Over the last three decades, there has been a significant improvement in the detection of Coats disease. Fluorescein angiography is critical in documenting classic findings to establish the diagnosis, because it highlights anomalies in the retinal vasculature. Computed tomography (CT) and magnetic resonance imaging have also proved to be extremely helpful in aiding the diagnosis of Coats disease.(8) However, they cannot always be relied on for differentiating Coats from retinoblastoma. Sherman et al reported that CT imaging was unable to differentiate between unilateral noncalcifying retinoblastoma in 2 children with advanced Coats’ disease.(9) This limitation was emphasized by Haik et al’s report of similar findings in 14 patients with Coats disease.(10) However, it should be noted that any form of imaging involving radiation is contraindicated in children where retinoblastoma remains a suspicion, because they could carry a germline mutation in all their cells, predisposing them to secondary tumors.

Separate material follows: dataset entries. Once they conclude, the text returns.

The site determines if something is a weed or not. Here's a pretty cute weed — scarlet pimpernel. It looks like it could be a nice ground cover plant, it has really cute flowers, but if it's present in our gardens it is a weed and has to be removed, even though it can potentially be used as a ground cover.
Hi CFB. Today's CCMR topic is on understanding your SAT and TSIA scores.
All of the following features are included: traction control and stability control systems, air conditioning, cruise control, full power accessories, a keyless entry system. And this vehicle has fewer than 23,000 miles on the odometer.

Retinoblastoma can be treated with a combination of chemotherapy, transpupillary thermotherapy, cryotherapy, and brachytherapy; in severe cases, enucleation may be necessary. Although extraocular invasion and systemic spread are now rare in developed countries, this cancer can still lead to significant morbidity and mortality.

In the past, in cases where retinoblastoma could not be definitively excluded, ophthalmologists opted to enucleate an eye associated with a poor prognosis. This is vital to prevent a delay in diagnosis and definitive treatment of a potentially lethal condition. Inevitably, this approach also involved enucleating eyes with advanced Coats disease.(1) Thus, establishing a correct diagnosis early is essential for proper treatment.

References
1. Li A, Capone A, Trese M, et al. Long-term outcomes of total exudative retinal detachments in stage 3B Coats disease. Ophthalmology 2018;125:887-93.

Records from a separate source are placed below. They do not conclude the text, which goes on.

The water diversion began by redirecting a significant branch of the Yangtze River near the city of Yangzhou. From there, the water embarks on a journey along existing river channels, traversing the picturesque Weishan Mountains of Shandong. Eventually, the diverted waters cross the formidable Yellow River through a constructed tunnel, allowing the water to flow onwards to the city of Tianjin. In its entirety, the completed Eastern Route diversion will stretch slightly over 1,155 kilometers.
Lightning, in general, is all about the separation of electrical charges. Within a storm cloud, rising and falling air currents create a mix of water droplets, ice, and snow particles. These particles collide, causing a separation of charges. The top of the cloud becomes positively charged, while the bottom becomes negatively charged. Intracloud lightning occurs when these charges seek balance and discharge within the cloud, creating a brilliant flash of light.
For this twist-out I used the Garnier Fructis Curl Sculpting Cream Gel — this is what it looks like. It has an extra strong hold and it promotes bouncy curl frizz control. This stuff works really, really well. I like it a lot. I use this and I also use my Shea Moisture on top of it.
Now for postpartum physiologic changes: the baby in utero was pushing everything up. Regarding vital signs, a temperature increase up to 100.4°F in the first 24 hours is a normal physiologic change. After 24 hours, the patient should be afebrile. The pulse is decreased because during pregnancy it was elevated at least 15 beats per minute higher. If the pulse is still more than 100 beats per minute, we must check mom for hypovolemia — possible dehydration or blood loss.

2. Bowling B, Kanski JJ. Kanski’s Clinical Ophthalmology: A Systematic Approach. 8th ed. Edinburgh Elsevier; 2015.
3. McGettrick P.M., Loeffler KU. Bilateral Coats’ disease in an infant (a clinical, angiographic, light and electron microscopic study). Eye (Lond) 1987;1:136-45.

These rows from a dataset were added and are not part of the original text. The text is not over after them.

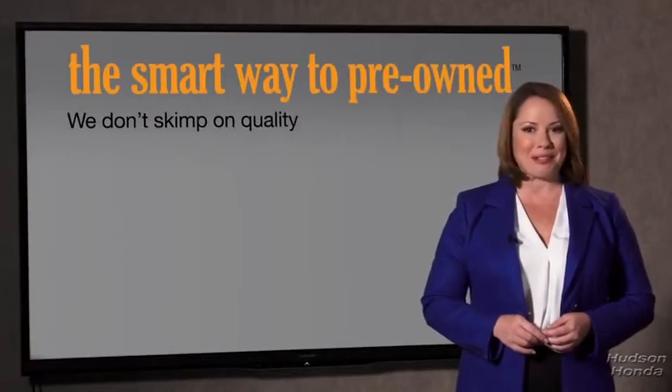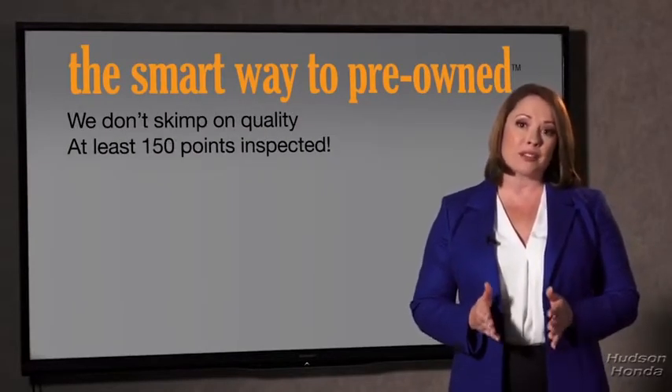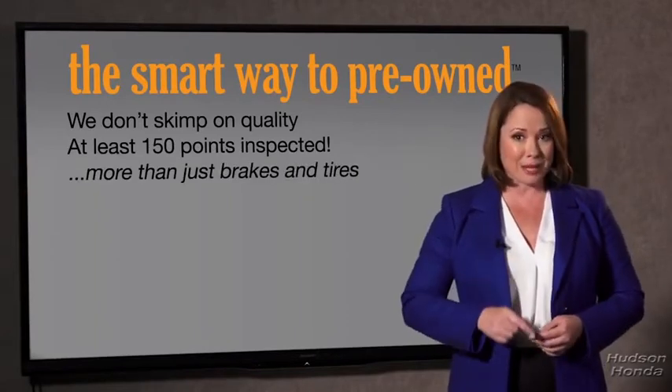Why take chances? Your life and those of your loved ones should be more important than that. That's why we don't skimp on quality. All of our pre-owned vehicles go through at least a rigorous 150-point inspection, checking more than just brakes and tires.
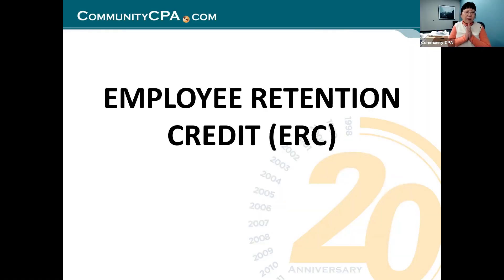We are going to cover some of the questions related to ERC credit claim and also PPP2. It is designed to answer the questions that we have seen so far. Now let's talk about employee retention credit.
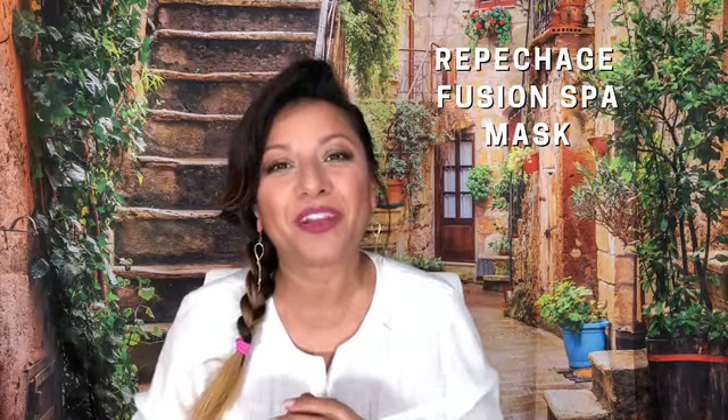The gift cards are valid for a year, so you have plenty of time to plan your perfect spa experience. The lucky winner of today's drawing will win a gift card for our Repechage Fusion Spa Mask valued at $225. If you'd like more information on that particular treatment, you can find the link below in our description box.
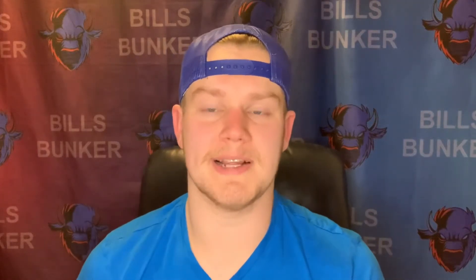Ladies and gentlemen, welcome back to my channel, The Bills Bunker. I'm your guy Jake, and the 2021 NFL Draft is quickly approaching us.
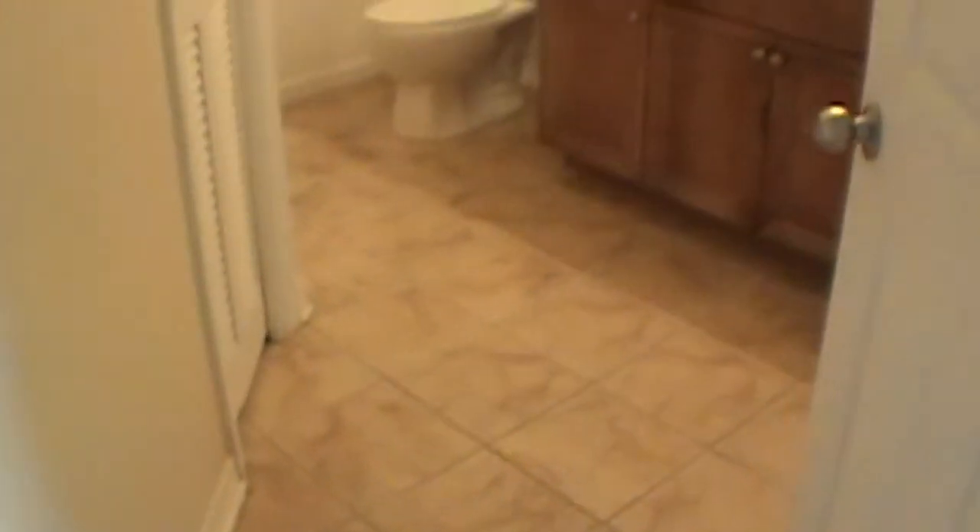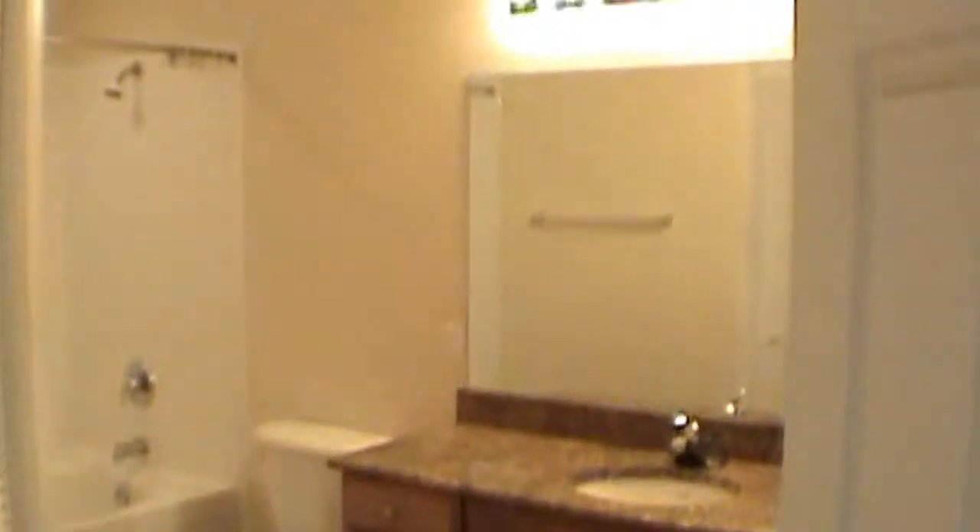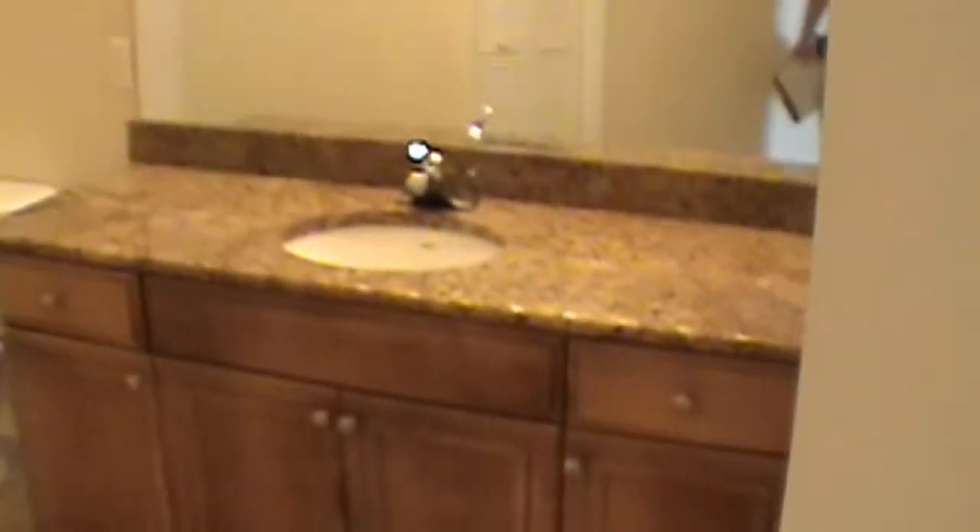We'll come on into the master bath, which has a nice large garden tub, along with a shower and all wood cabinetry.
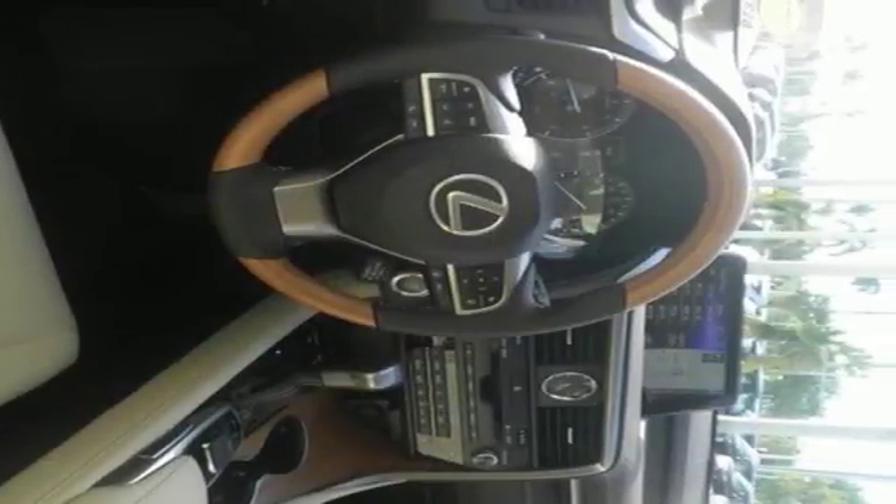The center console has USB ports to keep you charged and connected, and subscription-free traffic and weather eliminates surprises along the way.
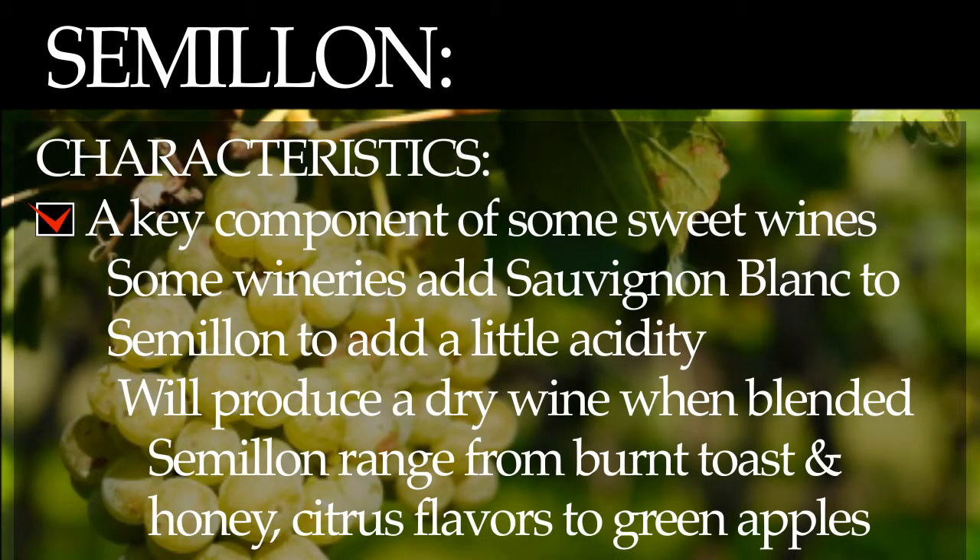Characteristics. Semillon is one of the key components in the world's most famous sweet wines because of its sugar concentration and flavor. To add a little acidity, sometimes Sauvignon Blanc is blended with it. Semillon is often used to make dry wines when blended with Sauvignon Blanc, with Sauvignon used as the dominant partner while Semillon is added for softness and richness.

4. Theodossiadis G.P. Some clinical, fluorescein-angiographic, and therapeutic-aspects of Coats’ disease. J Pediatr Ophthalmol Strabismus 1979;16:257-62.
5. Shields JA, Shields CL, Honavar SG, et al. Clinical variations and complications of Coats disease in 150 cases: the 2000 Sanford Gifford Memorial Lecture. Am J Ophthalmol 2001;131: 561-71.
6. Dimaras H, Kimani K, Dimba EA, et al. Retinoblastoma. Lancet 2012. 379(9824):1436-46.
7. Shields C, Schoenberg E, Kocher K, Shukla S, Kaliki S, Shields J. Lesions simulating retinoblastoma (pseudoretinoblastoma) in 604 cases. Ophthalmology 2013;120:311-6.
8. Shields JA, Parsons HM, Shields CL, et al. Lesions simulating retinoblastoma. J Pediatr Ophthalmol Strabismus 1991;28:338-40.
9. Sherman J, McLean I, Brallier D. Coats’ disease: CT-pathologic correlation in two cases. Radiology 1983;146:77-8.
10. Haik B, Saint Louis L, Smith M, et al. Magnetic resonance imaging in the evaluation of leukocoria. Ophthalmology 1985;92:1143-52.